Take the data that follows and retype it word for word.

[Dataset records]

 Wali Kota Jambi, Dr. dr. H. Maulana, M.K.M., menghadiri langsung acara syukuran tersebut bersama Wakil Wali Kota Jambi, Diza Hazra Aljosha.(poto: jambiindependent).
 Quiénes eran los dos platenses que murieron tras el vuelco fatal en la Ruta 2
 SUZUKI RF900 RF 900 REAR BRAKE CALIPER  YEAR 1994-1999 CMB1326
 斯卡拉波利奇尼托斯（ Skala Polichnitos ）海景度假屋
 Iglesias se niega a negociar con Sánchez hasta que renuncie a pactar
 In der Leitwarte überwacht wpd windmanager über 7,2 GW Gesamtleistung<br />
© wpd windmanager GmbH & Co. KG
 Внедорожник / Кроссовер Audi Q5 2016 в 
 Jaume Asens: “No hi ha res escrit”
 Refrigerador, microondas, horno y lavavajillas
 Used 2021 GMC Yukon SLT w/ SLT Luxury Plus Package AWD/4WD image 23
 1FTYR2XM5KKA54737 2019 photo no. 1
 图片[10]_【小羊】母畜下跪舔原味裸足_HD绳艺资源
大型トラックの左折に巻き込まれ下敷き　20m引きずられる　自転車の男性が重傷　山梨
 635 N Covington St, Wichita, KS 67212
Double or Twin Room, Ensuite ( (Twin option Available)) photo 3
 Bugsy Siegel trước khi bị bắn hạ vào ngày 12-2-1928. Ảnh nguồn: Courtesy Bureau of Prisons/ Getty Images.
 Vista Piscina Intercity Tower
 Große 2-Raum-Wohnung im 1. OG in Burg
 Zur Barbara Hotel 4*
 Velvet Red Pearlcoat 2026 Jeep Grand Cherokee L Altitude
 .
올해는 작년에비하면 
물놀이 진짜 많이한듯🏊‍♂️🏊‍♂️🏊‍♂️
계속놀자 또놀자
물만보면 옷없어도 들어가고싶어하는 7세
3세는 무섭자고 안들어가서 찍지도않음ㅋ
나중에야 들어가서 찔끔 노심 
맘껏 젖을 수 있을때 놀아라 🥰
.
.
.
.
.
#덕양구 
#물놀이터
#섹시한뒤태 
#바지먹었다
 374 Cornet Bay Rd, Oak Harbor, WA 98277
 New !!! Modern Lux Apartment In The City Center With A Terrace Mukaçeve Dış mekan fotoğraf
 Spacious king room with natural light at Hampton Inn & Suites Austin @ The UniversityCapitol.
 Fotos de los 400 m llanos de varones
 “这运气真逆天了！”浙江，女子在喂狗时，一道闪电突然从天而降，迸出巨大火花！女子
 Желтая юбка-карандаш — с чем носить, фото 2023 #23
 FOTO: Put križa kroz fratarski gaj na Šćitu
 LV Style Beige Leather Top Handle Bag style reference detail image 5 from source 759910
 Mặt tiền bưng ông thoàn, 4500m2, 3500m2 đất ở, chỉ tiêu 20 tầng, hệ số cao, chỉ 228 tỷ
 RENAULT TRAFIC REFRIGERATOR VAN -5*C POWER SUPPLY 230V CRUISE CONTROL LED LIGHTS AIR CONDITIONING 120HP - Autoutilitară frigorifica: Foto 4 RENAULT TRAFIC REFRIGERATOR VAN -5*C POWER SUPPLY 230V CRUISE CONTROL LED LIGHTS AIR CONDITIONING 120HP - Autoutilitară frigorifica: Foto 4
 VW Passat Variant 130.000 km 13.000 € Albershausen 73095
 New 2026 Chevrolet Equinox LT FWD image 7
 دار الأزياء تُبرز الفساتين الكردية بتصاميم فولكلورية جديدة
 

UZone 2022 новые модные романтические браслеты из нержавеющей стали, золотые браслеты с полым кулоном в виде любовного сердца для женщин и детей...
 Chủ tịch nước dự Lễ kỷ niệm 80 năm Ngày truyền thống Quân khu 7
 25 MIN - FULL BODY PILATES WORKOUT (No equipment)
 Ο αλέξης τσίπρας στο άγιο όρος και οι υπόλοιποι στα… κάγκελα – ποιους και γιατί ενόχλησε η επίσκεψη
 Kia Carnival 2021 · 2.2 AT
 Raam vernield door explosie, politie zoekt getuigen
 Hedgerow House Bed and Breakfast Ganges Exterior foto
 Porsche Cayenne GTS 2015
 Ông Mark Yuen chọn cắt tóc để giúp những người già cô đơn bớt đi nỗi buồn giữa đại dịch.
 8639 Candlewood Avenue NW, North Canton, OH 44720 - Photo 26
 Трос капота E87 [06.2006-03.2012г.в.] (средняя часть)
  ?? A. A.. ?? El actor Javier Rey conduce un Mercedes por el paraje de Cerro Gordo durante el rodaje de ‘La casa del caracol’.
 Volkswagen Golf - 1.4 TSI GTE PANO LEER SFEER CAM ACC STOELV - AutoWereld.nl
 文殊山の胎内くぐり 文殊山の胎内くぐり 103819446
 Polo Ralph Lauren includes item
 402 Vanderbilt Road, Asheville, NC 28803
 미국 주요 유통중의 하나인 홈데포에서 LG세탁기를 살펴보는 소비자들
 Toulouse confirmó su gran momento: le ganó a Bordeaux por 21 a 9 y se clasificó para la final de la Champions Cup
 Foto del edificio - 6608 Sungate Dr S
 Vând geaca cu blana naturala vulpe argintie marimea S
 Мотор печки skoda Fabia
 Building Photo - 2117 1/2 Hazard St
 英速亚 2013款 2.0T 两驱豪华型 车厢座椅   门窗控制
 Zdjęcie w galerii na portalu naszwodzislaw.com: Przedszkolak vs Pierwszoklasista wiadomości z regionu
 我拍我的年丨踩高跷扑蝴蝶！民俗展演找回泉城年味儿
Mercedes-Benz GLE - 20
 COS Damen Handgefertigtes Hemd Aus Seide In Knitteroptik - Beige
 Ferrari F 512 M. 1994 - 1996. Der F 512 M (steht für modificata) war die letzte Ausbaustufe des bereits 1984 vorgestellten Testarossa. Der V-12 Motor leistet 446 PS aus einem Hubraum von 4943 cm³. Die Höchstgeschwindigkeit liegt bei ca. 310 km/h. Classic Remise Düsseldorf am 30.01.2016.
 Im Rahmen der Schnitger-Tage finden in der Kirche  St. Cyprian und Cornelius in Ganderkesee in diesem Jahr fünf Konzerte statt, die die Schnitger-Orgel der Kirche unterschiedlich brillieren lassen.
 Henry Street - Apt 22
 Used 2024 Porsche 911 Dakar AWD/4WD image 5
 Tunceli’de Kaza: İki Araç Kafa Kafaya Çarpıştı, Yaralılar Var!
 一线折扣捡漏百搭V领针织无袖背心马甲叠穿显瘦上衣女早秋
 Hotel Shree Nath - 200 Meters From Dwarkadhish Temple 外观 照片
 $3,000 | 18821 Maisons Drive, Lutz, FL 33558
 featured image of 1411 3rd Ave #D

[/Dataset records]

- **Result for this task**
 Wali Kota Jambi, Dr. dr. H. Maulana, M.K.M., menghadiri langsung acara syukuran tersebut bersama Wakil Wali Kota Jambi, Diza Hazra Aljosha.(poto: jambiindependent).
 Quiénes eran los dos platenses que murieron tras el vuelco fatal en la Ruta 2
 SUZUKI RF900 RF 900 REAR BRAKE CALIPER  YEAR 1994-1999 CMB1326
 斯卡拉波利奇尼托斯（ Skala Polichnitos ）海景度假屋
 Iglesias se niega a negociar con Sánchez hasta que renuncie a pactar
 In der Leitwarte überwacht wpd windmanager über 7,2 GW Gesamtleistung<br />
© wpd windmanager GmbH & Co. KG
 Внедорожник / Кроссовер Audi Q5 2016 в 
 Jaume Asens: “No hi ha res escrit”
 Refrigerador, microondas, horno y lavavajillas
 Used 2021 GMC Yukon SLT w/ SLT Luxury Plus Package AWD/4WD image 23
 1FTYR2XM5KKA54737 2019 photo no. 1
 图片[10]_【小羊】母畜下跪舔原味裸足_HD绳艺资源
大型トラックの左折に巻き込まれ下敷き　20m引きずられる　自転車の男性が重傷　山梨
 635 N Covington St, Wichita, KS 67212
Double or Twin Room, Ensuite ( (Twin option Available)) photo 3
 Bugsy Siegel trước khi bị bắn hạ vào ngày 12-2-1928. Ảnh nguồn: Courtesy Bureau of Prisons/ Getty Images.
 Vista Piscina Intercity Tower
 Große 2-Raum-Wohnung im 1. OG in Burg
 Zur Barbara Hotel 4*
 Velvet Red Pearlcoat 2026 Jeep Grand Cherokee L Altitude
 .
올해는 작년에비하면 
물놀이 진짜 많이한듯🏊‍♂️🏊‍♂️🏊‍♂️
계속놀자 또놀자
물만보면 옷없어도 들어가고싶어하는 7세
3세는 무섭자고 안들어가서 찍지도않음ㅋ
나중에야 들어가서 찔끔 노심 
맘껏 젖을 수 있을때 놀아라 🥰
.
.
.
.
.
#덕양구 
#물놀이터
#섹시한뒤태 
#바지먹었다
 374 Cornet Bay Rd, Oak Harbor, WA 98277
 New !!! Modern Lux Apartment In The City Center With A Terrace Mukaçeve Dış mekan fotoğraf
 Spacious king room with natural light at Hampton Inn & Suites Austin @ The UniversityCapitol.
 Fotos de los 400 m llanos de varones
 “这运气真逆天了！”浙江，女子在喂狗时，一道闪电突然从天而降，迸出巨大火花！女子
 Желтая юбка-карандаш — с чем носить, фото 2023 #23
 FOTO: Put križa kroz fratarski gaj na Šćitu
 LV Style Beige Leather Top Handle Bag style reference detail image 5 from source 759910
 Mặt tiền bưng ông thoàn, 4500m2, 3500m2 đất ở, chỉ tiêu 20 tầng, hệ số cao, chỉ 228 tỷ
 RENAULT TRAFIC REFRIGERATOR VAN -5*C POWER SUPPLY 230V CRUISE CONTROL LED LIGHTS AIR CONDITIONING 120HP - Autoutilitară frigorifica: Foto 4 RENAULT TRAFIC REFRIGERATOR VAN -5*C POWER SUPPLY 230V CRUISE CONTROL LED LIGHTS AIR CONDITIONING 120HP - Autoutilitară frigorifica: Foto 4
 VW Passat Variant 130.000 km 13.000 € Albershausen 73095
 New 2026 Chevrolet Equinox LT FWD image 7
 دار الأزياء تُبرز الفساتين الكردية بتصاميم فولكلورية جديدة
 

UZone 2022 новые модные романтические браслеты из нержавеющей стали, золотые браслеты с полым кулоном в виде любовного сердца для женщин и детей...
 Chủ tịch nước dự Lễ kỷ niệm 80 năm Ngày truyền thống Quân khu 7
 25 MIN - FULL BODY PILATES WORKOUT (No equipment)
 Ο αλέξης τσίπρας στο άγιο όρος και οι υπόλοιποι στα… κάγκελα – ποιους και γιατί ενόχλησε η επίσκεψη
 Kia Carnival 2021 · 2.2 AT
 Raam vernield door explosie, politie zoekt getuigen
 Hedgerow House Bed and Breakfast Ganges Exterior foto
 Porsche Cayenne GTS 2015
 Ông Mark Yuen chọn cắt tóc để giúp những người già cô đơn bớt đi nỗi buồn giữa đại dịch.
 8639 Candlewood Avenue NW, North Canton, OH 44720 - Photo 26
 Трос капота E87 [06.2006-03.2012г.в.] (средняя часть)
  ?? A. A.. ?? El actor Javier Rey conduce un Mercedes por el paraje de Cerro Gordo durante el rodaje de ‘La casa del caracol’.
 Volkswagen Golf - 1.4 TSI GTE PANO LEER SFEER CAM ACC STOELV - AutoWereld.nl
 文殊山の胎内くぐり 文殊山の胎内くぐり 103819446
 Polo Ralph Lauren includes item
 402 Vanderbilt Road, Asheville, NC 28803
 미국 주요 유통중의 하나인 홈데포에서 LG세탁기를 살펴보는 소비자들
 Toulouse confirmó su gran momento: le ganó a Bordeaux por 21 a 9 y se clasificó para la final de la Champions Cup
 Foto del edificio - 6608 Sungate Dr S
 Vând geaca cu blana naturala vulpe argintie marimea S
 Мотор печки skoda Fabia
 Building Photo - 2117 1/2 Hazard St
 英速亚 2013款 2.0T 两驱豪华型 车厢座椅   门窗控制
 Zdjęcie w galerii na portalu naszwodzislaw.com: Przedszkolak vs Pierwszoklasista wiadomości z regionu
 我拍我的年丨踩高跷扑蝴蝶！民俗展演找回泉城年味儿
Mercedes-Benz GLE - 20
 COS Damen Handgefertigtes Hemd Aus Seide In Knitteroptik - Beige
 Ferrari F 512 M. 1994 - 1996. Der F 512 M (steht für modificata) war die letzte Ausbaustufe des bereits 1984 vorgestellten Testarossa. Der V-12 Motor leistet 446 PS aus einem Hubraum von 4943 cm³. Die Höchstgeschwindigkeit liegt bei ca. 310 km/h. Classic Remise Düsseldorf am 30.01.2016.
 Im Rahmen der Schnitger-Tage finden in der Kirche  St. Cyprian und Cornelius in Ganderkesee in diesem Jahr fünf Konzerte statt, die die Schnitger-Orgel der Kirche unterschiedlich brillieren lassen.
 Henry Street - Apt 22
 Used 2024 Porsche 911 Dakar AWD/4WD image 5
 Tunceli’de Kaza: İki Araç Kafa Kafaya Çarpıştı, Yaralılar Var!
 一线折扣捡漏百搭V领针织无袖背心马甲叠穿显瘦上衣女早秋
 Hotel Shree Nath - 200 Meters From Dwarkadhish Temple 外观 照片
 $3,000 | 18821 Maisons Drive, Lutz, FL 33558
 featured image of 1411 3rd Ave #D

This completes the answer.